Previamente a esse Relatório, já havia algumas determinações da Câmara em relação à adequação dos cortiços estabelecidas no Código de Posturas do Município de 1886, consideradas por alguns proprietários, como se observa em anúncio do Correio Paulistano desse mesmo ano:

Vende-se na rua da Consolação, 18, cinco casas e onze cortiços, estes estão no padrão da Câmara […]. Para tratar na rua acima n.18; estas propriedades estão livres de qualquer ônus e o motivo da venda é por sua dona ter de retirar-se para a Europa a tratar de sua saúde. [21]

Tanto o Código de Posturas de 1886 como o Relatório de 1893 irão propor a construção de vilas e casas operárias para o trabalhador segundo quesitos mínimos de habitabilidade, ou seja, apresentando cômodos com ventilação e iluminação adequadas, casas com porão alto, cozinhas e banheiros individuais (um para cada residência). Alguns cortiços existentes seriam adaptados segundo essas novas propostas, transformando-se em vilas. Mas nem o Código, nem o Relatório conseguiram impedir que novos cortiços fossem construídos ou que antigos sobrados continuassem sendo transformados em cortiços. A construção das vilas deu-se paralelamente a esse processo, que persiste na atualidade.

A pesquisa no Arquivo Histórico Municipal de São Paulo: os cortiços do século XIX

As preocupações com a questão sanitária surgiram em função de epidemias, como o surto de febre amarela, entre 1873 e 1903, nas cidades de Santos, Campinas e São Paulo. Os cortiços passaram, então, a ser vistoriados e cadastrados, em São Paulo, com o intuito de solicitar reformas nos habitáculos para adequá-los aos parâmetros de higiene da época.

A área considerada no Relatório de 1893 abrange, como foi visto, o perímetro definido pelas ruas: Florêncio de Abreu, Rua da Estação (atual Rua Mauá), Alameda do Triumpho, Alameda Glette e Rua São João (atual Avenida São João). Os pontos em vermelho, no mapa a seguir, indicam os cortiços identificados na época.

Fig.1. Planta Cadastral da Cidade de São Paulo – Santa Ephigenia, levantada sob a direcção do Engenheiro V.Huet de Bacellar. (1892). (fonte: CORDEIRO, Simone Lucena (Org.). Os cortiços de Santa Ifigênia: sanitarismo e urbanização (1893). Arquivo Público do Estado de São Paulo. São Paulo: Imprensa Oficial, 2010).

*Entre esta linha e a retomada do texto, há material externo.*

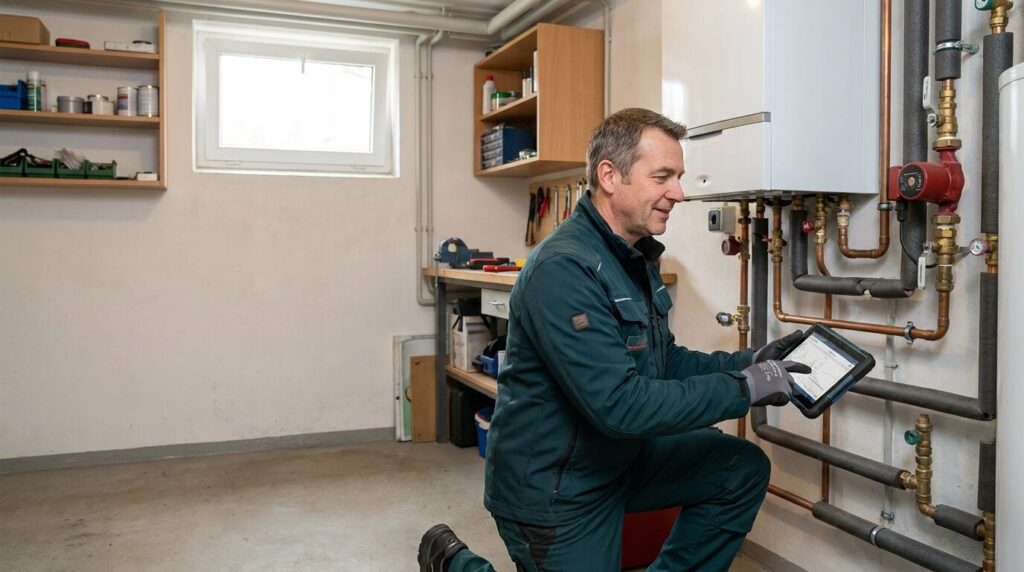 Heizungsinstallateur von Heiz Weber prüft eine Heizungsanlage mit einem Tablet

No Relatório de Cortiços no bairro de Santa Ifigênia (1893), há informações muito importantes sobre a área mínima dessas habitações, os valores pagos por seus moradores, as condições da precariedade e insalubridade em que viviam, os nomes dos inquilinos e proprietários, os endereços, as diferentes tipologias, entre outros aspectos. 

A pesquisa no Arquivo Histórico Municipal de São Paulo decorreu da leitura do livro Os cortiços de Santa Efigênia: sanitarismo e urbanização (1893), organizado por Simone Lucena Cordeiro, que publica as fichas originais do Relatório dos Cortiços.

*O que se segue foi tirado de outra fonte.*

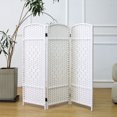 thumbnail image 4 of Furnnylane 3 Panel Rattan Divider Short Room Partition Screen,Double Sided Folding Divider for Room Separation,White,47.2" H x 47.2" W, 4 of 6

O Relatório de 1893 apresenta toda a problemática habitacional da época, as condições dos cortiços visitados, seus proprietários e as fichas de cada cortiço identificado e fiscalizado pelo órgão responsável e por seus agentes. Entretanto, falta um elemento muito importante no relatório: as plantas dessas habitações.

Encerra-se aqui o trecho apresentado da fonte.